- official title card
- Directed by: Kalyana Chandrasekara
- Written by: Kalyana Chandrasekara
- Produced by: Niro Films
- Starring: Udari Perera Dilhani Ekanayake Menik Wijewardena
- Cinematography: Lal Dias
- Edited by: Ruwan Chamara
- Music by: Sarath Wickrama
- Production company: Sarasavi studio
- Distributed by: Rithma (NFC)
- Release date: 15 March 2018;
- Country: Sri Lanka
- Language: Sinhala

= Seya (film) =

Seya (සේයා) is a 2018 Sri Lankan Sinhala horror film written and directed by Kalyana Chandrasekara and co-produced by A. Parister and Tharanga Athuraliya for Niro Films. It stars an all-female cast of 36 actresses, including, Udari Perera, Dilhani Ekanayake and Menik Wijewardena in lead role along with Deepani Silva, Vishaka Siriwardana and Gayathri Dias. Music composed by Sarath Wickrama. It is the first Sri Lankan film with an all-female cast. It is the 1299th Sri Lankan film in the Sinhala cinema.

title card

The film has been shot around Matale and Riverston areas.

==Plot==
At the beginning of the film, it shows a girl placing a flower bouquet on a grave. One lady there, (I.P.Waruni) recalls her past and the film continues...

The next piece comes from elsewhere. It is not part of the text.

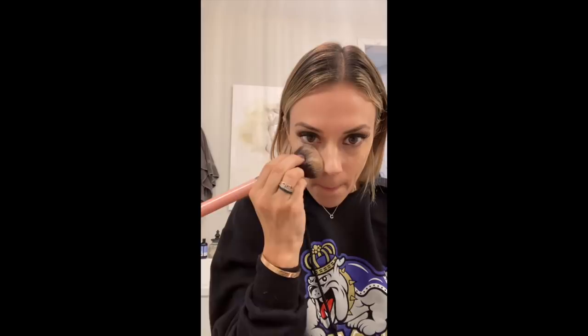Now on to powders. This is my absolute favorite product of all time for powders — it's the Laura Mercier Translucent Loose Setting Powder. I'm obsessed with this stuff. I think it just sets so well. I use a big fluffy brush, get some in there, and dab it on. And that is set.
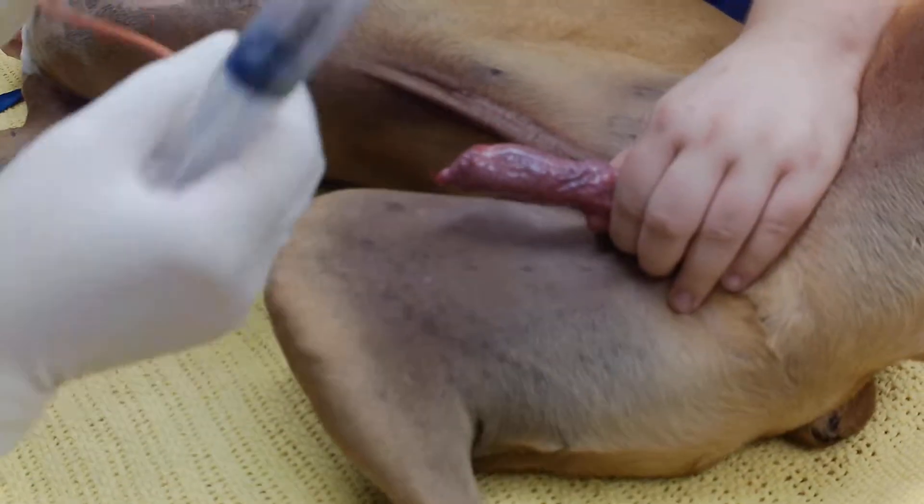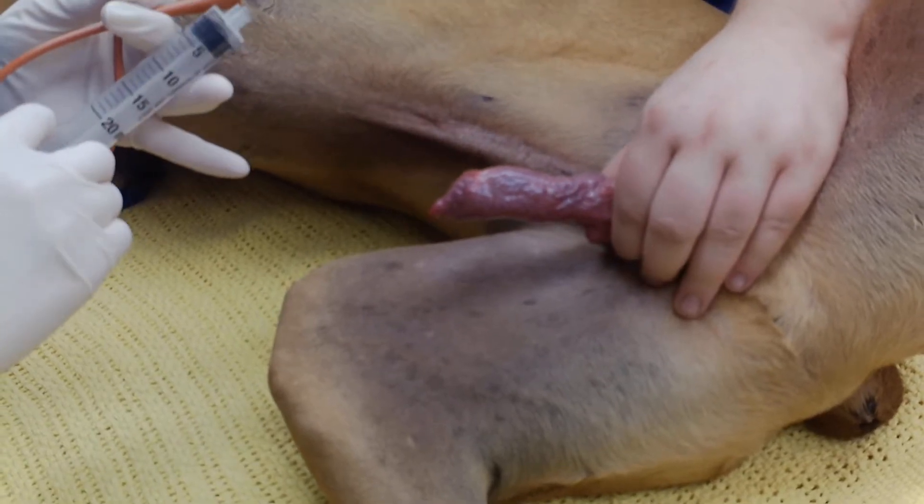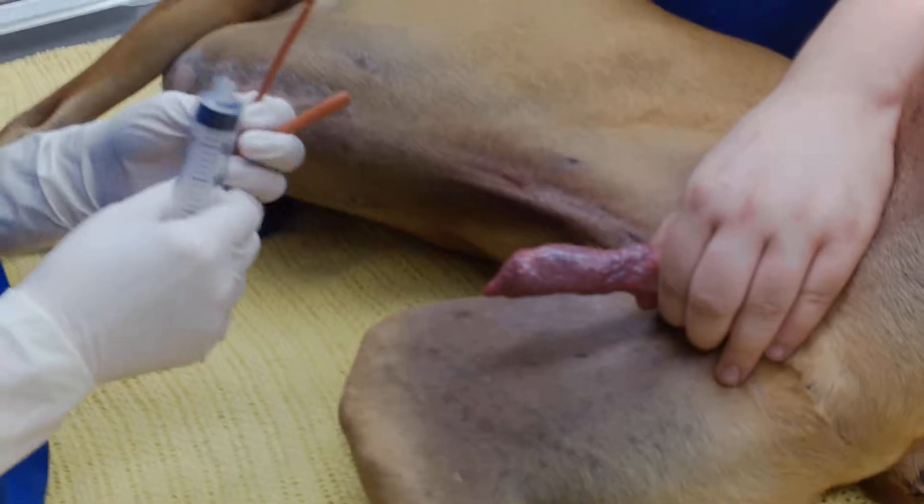You could keep this in to hospitalize him, though it's not ideal because male dogs don't usually tolerate hospitalized catheters well.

The film follows a story of a troupe of girls who are on an adventure to unearth the truth behind the death of a young girl called Krishani Mendis (fictional character) in the cold hill country.

The murderer is Nimesha, the elder sister of Nirasha (Udari) who is one of the girls who meet the spirit of Krishani in human form when they go to make a film in the hill country. Krishanthi calls herself Maduka, which isn't her real name.

The girls meet Maduka on their way to the villa where they stay on the days of shooting their film. Maduka tells them that her vehicle has broken down. The girls invite her to join them. They have a great time there. Sometimes they make the housekeeper annoyed. Nirasha writes the stript for their story. One night, the spirit of Krishani takes over Nirasha's body.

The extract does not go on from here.